La Ley de Dios, al ser creada la mujer, fue la siguiente: No habrá límite impuesto sobre tu capacidad de copular con el sexo opuesto en ninguna etapa de tu vida. La Ley de Dios, al ser creado el hombre, fue la siguiente: durante tu vida entera estarás sometido sexualmente a restricciones y límites inflexibles.
«Durante veintitrés días de cada mes (no habiendo embarazo), desde el momento en que la mujer cumple siete años hasta que muere de vieja, está lista para la acción, y es competente.
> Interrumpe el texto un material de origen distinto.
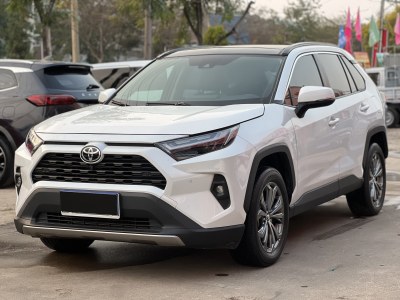 2023年11月 豐田 RAV4 榮放 2.0L CVT兩驅(qū)風(fēng)尚版圖片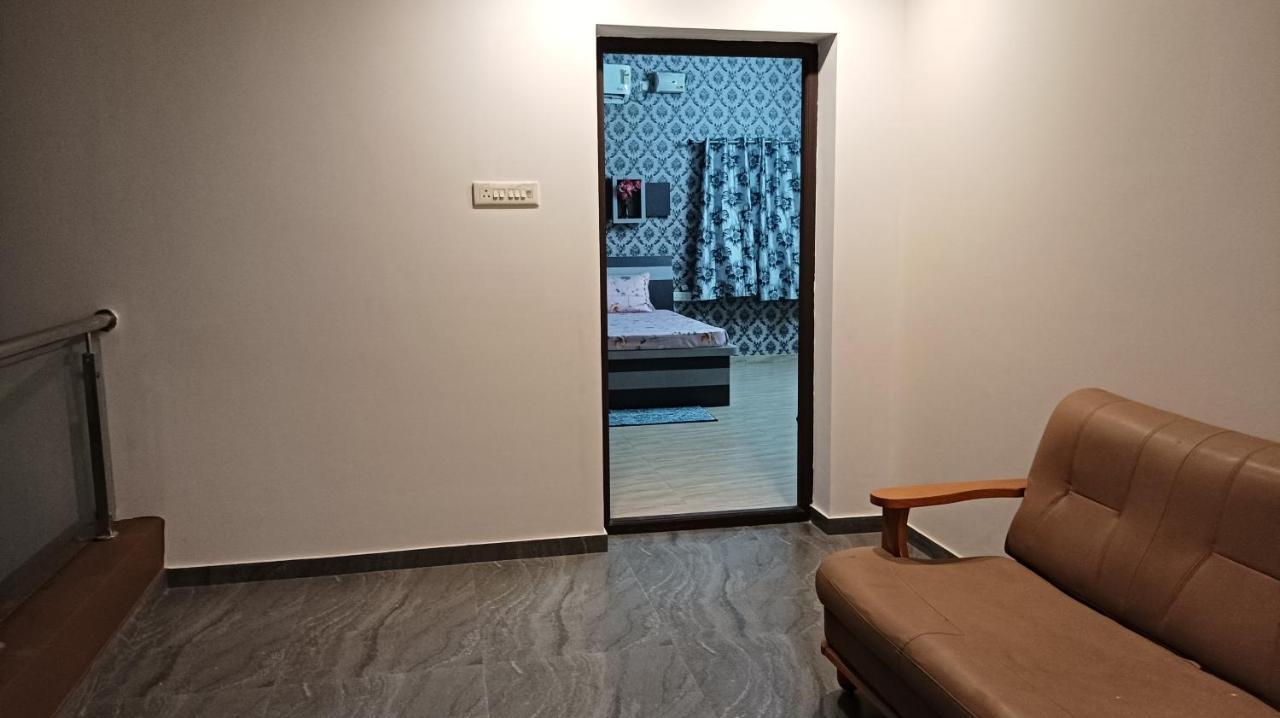 Shi'S Vilva - The Bungalow In Coimbatore - Near Airport, Kmch, Codesia Buitenkant foto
Tan competente como el candelero para recibir la vela. Competente todos los días, competente todas las noches. Además, quiere la vela, la desea, la ansía, suspira por ella, como lo ordena la Ley de Dios en su corazón Pero la competencia del hombre es breve; y mientras dura es sólo en la moderada medida establecida para su sexo. Es competente desde la edad de dieciséis o diecisiete años y durante un plazo de treinta y cinco años. Después de los cincuenta su acción es de baja calidad, los intervalos son amplios y la satisfacción no tiene gran valor para ninguna de las partes; mientras que su bisabuela está como nueva. Nada le pasa a ella. El candelero está tan firme como siempre, mientras que la vela se va ablandando y debilitando a medida que pasan los años por las tormentas de la edad, hasta que por fin no puede erguirse y debe pasar a reposo con la esperanza de una feliz resurrección que no ha de llegar jamás.
«Por constitución, la mujer debe dejar descansar su fábrica tres días por mes y durante un período del embarazo. Son etapas de incomodidad, a veces de sufrimiento. Como justa compensación, tiene el alto privilegio del adulterio, ilimitado todos los demás días de su vida».
[El fragmento transcrito es la mejor demostración de que si un texto está sostenido por una armazón sintáctica impecable y por un pensamiento convincente y bien trabado, no es capaz de cargárselo ni la más miserable de las tra(i)ducciones. Hasta yo, que no sé inglés, me he dado cuenta de semejante desafuero perpetrado contra esta prosa].
¡Y pensar que hubo que esperar a 1930 para que Sinclair Lewis, bastante marktwainiano en buena parte de su obra, fuese el primer escritor estadunidense que se alzase con el Premio Nobel! Por cierto que en su discurso de Estocolmo mencionó que incluso Mark Twain había sido domesticado por la “genteel tradition” de la literatura nacional. Pero hay que disculparlo: en 1930, las Cartas desde la Tierra aún seguían inéditas.